Here are 6 Features Consistent with Profitable Rental Properties
Most of the factors that impact your rental home’s profitability comes down to the neighborhood. The type of neighbourhood impacts what kinds of tenants you attract and your vacancy rate. A university town will likely attract students who are less keen to rent in the summer months, for example. Some neighbourhoods have their own personalities and may attract tenants who simply want to say they live in the area. Other neighbourhoods are defined by their job market (see more below).
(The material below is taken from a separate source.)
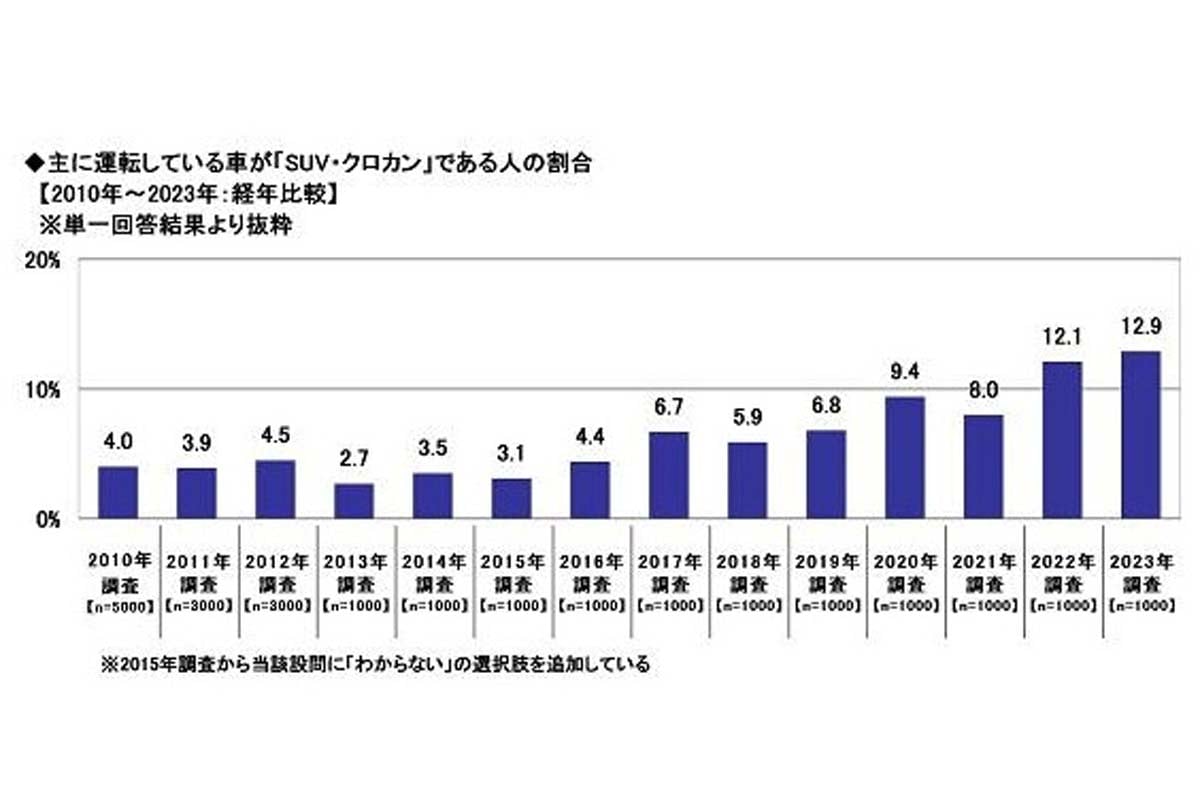 主に運転している車が「SUV・クロカン」である人の割合。「2023年 全国カーライフ実態調査」（画像：ソニー損害保険）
Some neighbourhoods discourage rental properties with high permit fees and complicated hoops to jump through. If you planned to place your rental property on a home-sharing site, you might face similar barriers depending on the city.
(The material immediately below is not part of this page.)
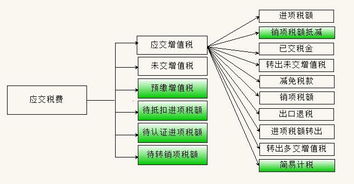 會計科目蓋章顏色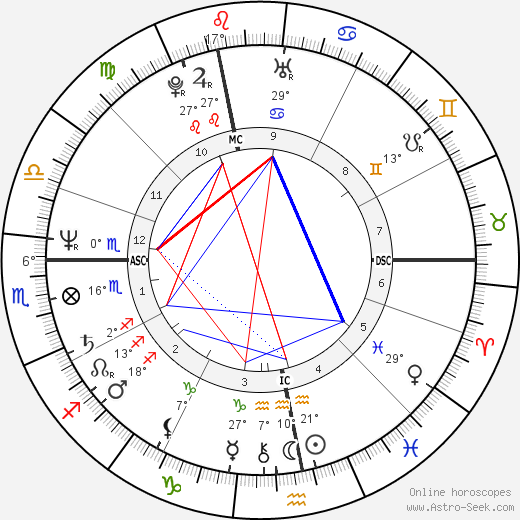 Martin Severa birth chart, biography, wikipedia 2023, 2024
Also, different neighbourhoods will host different tenants. If there is a specific type of tenant you wish to avoid, do some research and find out where they like to live. Avoid the locations these tenants like to live in.
An important factor when determining your investment range is how much you’ll be paying in property taxes. When comparing properties, high property taxes may not be a bad thing if the home with higher taxes is in a better neighbourhood. However, high property taxes do not always spell a nice area. Do your research to learn what property taxes in an area and have been in the past. Find out whether the city might be planning to raise those taxes in the future.
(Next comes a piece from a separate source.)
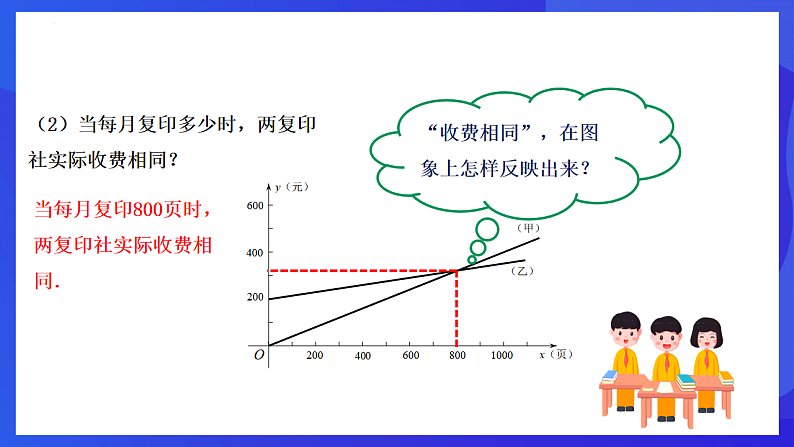华师大版数学八年级下册17.5 《实践与探索》课件第5页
Most cities in Canada have an online property tax system. You can look up the property by its address to discover the annual property tax amount. Always check with the city if possible to determine the taxes.
Often times when you’re buying a new home, the MLS listing will include incorrect taxes. It’s advised to never use the figure on MLS, it could be from last year and no longer accurate. A home that has had recent renovations could have a spike in taxes from one year to the next. Because of this, you never want to use the figure on the MLS listing.
Area rental prices
Most of your cash flow is earned from charging rent to your tenants. You’ll want to know what you can realistically charge to earn a return on your investment. Research current rental rates for similar properties in the neighbourhood. If you can find past rental rates, you can gauge whether the neighbourhood is increasing in value. If charging the average rent won’t cover your expenses, then the property (and possibly the area) is not for you. It may be tempting to charge more, but this could ultimately deter smart tenants and lead to a higher vacancy rate.
To discover the going rents in certain areas looks to tools such as MLS or Kijiji. Often you can find homes for sale, and you can compare their location and quality of finishes to your property. This comparison will help you to get a good understanding of rental prices.
Lastly, you could speak to a local property manager whom you’re considering using to manage your rental property. Property managers have a wealth of information when it comes to knowing the rental market. They can help you figure out what a property can rent for, oftentimes before you even buy the rental property.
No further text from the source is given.